Registros e elogios a parte, as três décadas nos impõe uma reflexão crítica sobre o passado, o presente e o futuro da jurisdição eleitoral, e quero fazê-la com a autoridade de quem vivenciou parte desta história, participando de eleições com as urnas de lona e depois com as eletrônicas, pois cheguei ao Amapá em 1991, antes, portanto, da instalação do TRE/AP, quando ainda éramos vinculados à Justiça Eleitoral paraense, levando em consideração a necessidade de repensar um modelo de direito coletivo, democrático e plural capaz de colher na rua os elementos indispensáveis para a contínua reconstrução de um Direito a partir da legítima organização social da liberdade, como defendia Roberto Lyra Filho (in O que é direito?, de 1982) e sustenta seu discípulo José Geraldo de Souza Júnior (in Série O Direito Achado na Rua e Sociologia Jurídica, ambos de 2002).

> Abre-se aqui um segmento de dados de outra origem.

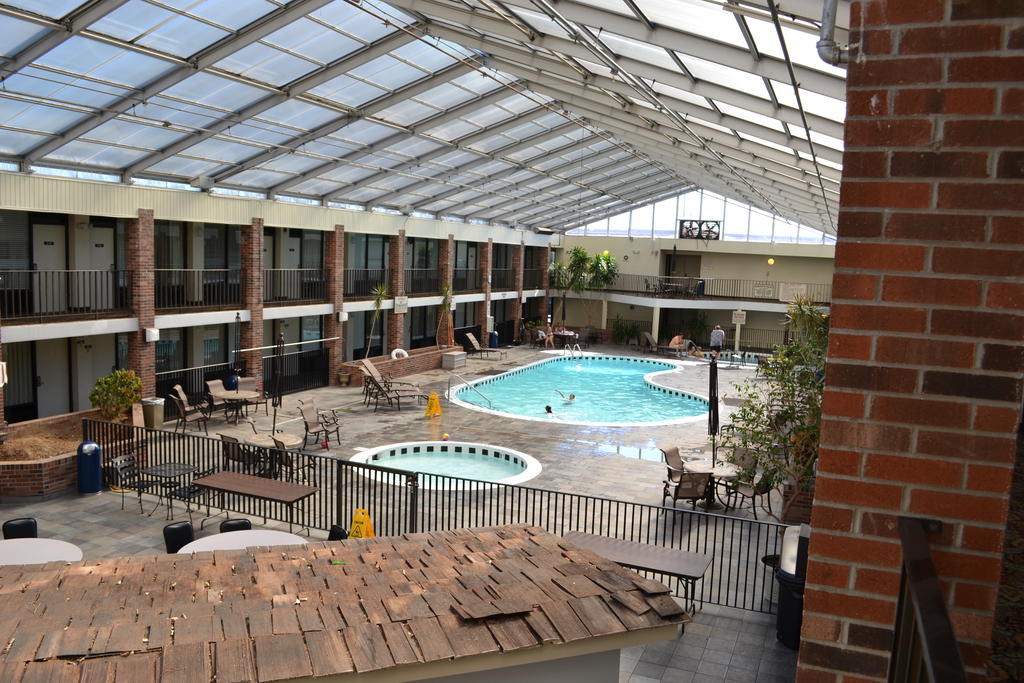 Jameson Inn & Suites Bowling Green Buitenkant foto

A instalação da Justiça Eleitoral no Amapá ocorreu num período de tenebroso descrédito da população brasileira em face do Poder Judiciário nacional. Basta consultar as matérias jornalísticas da época (1992) para aferir que tratavam o Judiciário como uma caixa preta, uma instituição lenta, burocrática, hermeticamente fechada e desnecessária na opinião de muitas pessoas. Era preciso, de fato, combater a “crise de instância”, que tanto mal estar causava em parte da comunidade jurídica nacional e da sociedade de modo geral. Neste cenário é que fomos concebidos.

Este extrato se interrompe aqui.